Three Main Types of ADD
Nearly every definition of attention deficit disorder identifies three main types of ADD: predominantly inattentive, predominantly hyperactive-impulsive, and both inattentive and hyperactive-impulsive.
Inattentiveness is identified by characteristics such as:
- Easy distractibility (particularly by stimuli which are unrelated to a task being performed).
- Difficulty with focusing on details and particulars.
- High frequency of mistakes which can be attributed to carelessness.
- Chronic forgetfulness.
- Inability to complete or follow through with tasks.
Hyperactivity-impulsivity is often associated with traits like:
- Being excessively fidgety.
- An inability to sit still for long periods of time.
- Difficulty with quiet, individual and non-active tasks.
- General impatience.
- Lack of behavioral and emotional inhibition.
A Diagnostic Definition of Attention Deficit Disorder
The DSM-IV outlines a total of 18 criteria for diagnosing ADD. (Although most lay people and indeed many professionals refer to the disorder as ADD, it is in fact officially known as ADHD, but this is not universally accepted).
There are nine criteria which identify the predominantly inattentive type (1A) and nine separate criteria for the predominantly hyperactive-impulsive type (1B). To be diagnosed with the disorder, a patient must demonstrate either at least six of the nine criteria for inattentiveness or six of the criteria for hyperactivity-impulsivity. If the patient demonstrates at least six of the criteria from both subtypes, then they are identified as having both inattentive and hyperactive-impulsive types.
Using these diagnostic criteria, it is possible to formulate a definition of attention deficit disorder which identifies it as the state of meeting the necessary requirements to be diagnosed with the condition. Put differently, attention deficit disorder can be defined as the collection of symptoms which are used for diagnosing an individual.
(It is important to point out that there are also criteria which require the symptoms to be present for a certain period of time and to significantly impair the individual, and they must not be caused by other mental health conditions).
Defining Attention Deficit Disorder as a Cognitive Impairment Syndrome
Most definitions of ADD classify it as a neurobehavioral disorder. This makes sense, as all of the diagnostic criteria used for identifying ADD are observable behaviors which are presumably caused by certain neurological configurations.
Yale clinician Dr. Thomas E. Brown has used his experience researching and treating ADD to develop a new model for attention deficit disorder. This is based on understanding ADD as “developmentally impaired executive function.” Brown identifies six clusters of interrelated cognitive functions which are typically found to be impaired in individuals who are diagnosed with ADD: activation, focus, effort, emotion, memory and action. These capacities work together to perform executive functions such as regulating, directing and sustaining attention.
Brown refers to the impairment of these functions as ADD syndrome, rather than attention deficit hyperactivity disorder.
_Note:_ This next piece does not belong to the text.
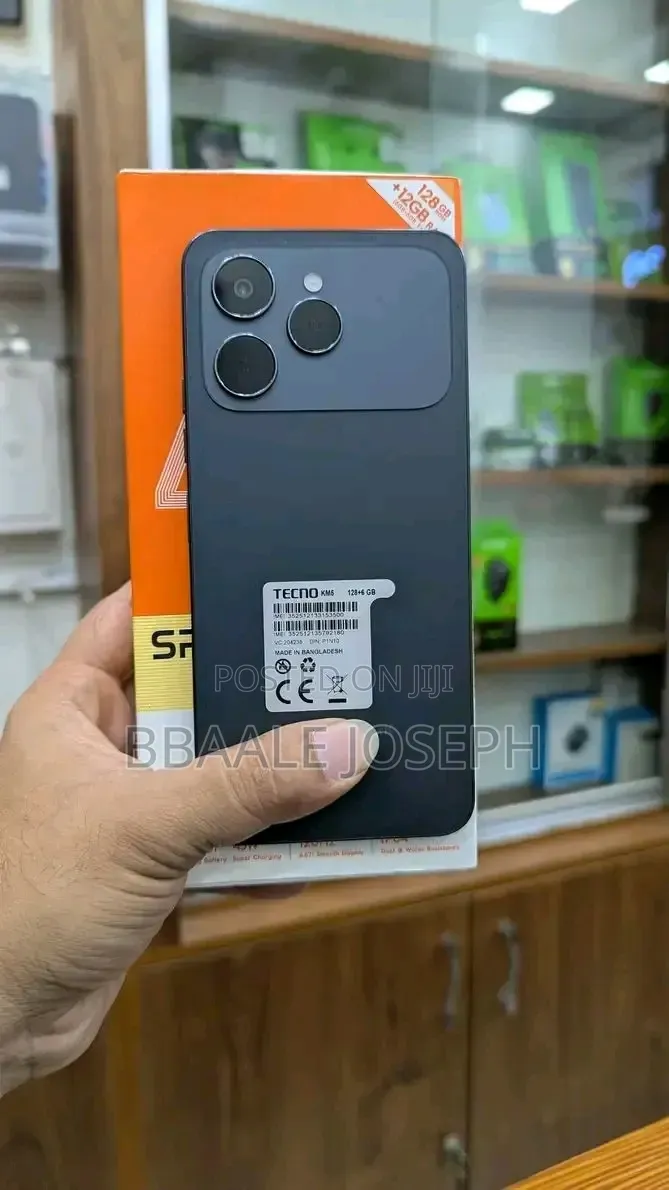 New Tecno Spark 40 128 GB Black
This is because when some of these functions are chronically impaired in an individual, it can reliably be expected that impairments in the other capacities will also be found. Another reason is that all of these functions tend to respond in a similar way to treatment, suggesting that they result from the same underlying cause. His model of impaired executive function suggests that the label “attention deficiency hyperactivity disorder” may be misleading and might possibly mask certain aspects of the condition.
Problems with Defining Attention Deficit Disorder
Despite the growing consensus within the clinical psychology community that the current standard of diagnosis can effectively identify individuals who stand to benefit from treatments for ADD, there is no universally accepted definition of attention deficit disorder. Perhaps the main reason for this is our present lack of knowledge about how the brain works. While new technologies and methods for studying the central nervous system have been rapidly increasing in sophistication throughout the last several decades, there remains much that is unknown about exactly how the brain functions. This is particularly true at the higher cognitive levels.
It may not be until scientists come to a better understanding of how cognitive systems work that we will have a precise and commonly accepted definition of attention deficit disorder. Current research strongly suggests that one of the main causes of ADD is a heritable deficiency in how the neurotransmitters dopamine and norepinephrine are produced and released.
If this is indeed the case and the relevant details are discovered, attention deficit disorder may come to be defined as the mutation of a particular gene which is associated with dopamine or norepinephrine and causes the symptoms we now identify with ADD. Until then, perhaps the best definition of attention deficit disorder is the more uncertain and imprecise one which is based on the commonly accepted diagnostic criteria.
Sternberg, Robert J. Cognitive Psychology: Fourth Edition. Thomson Wadsworth, 2006.
Brown, Thomas E. Attention Deficit Disorder: The Unfocused Mind in Children and Adults. Yale University Press, 2005.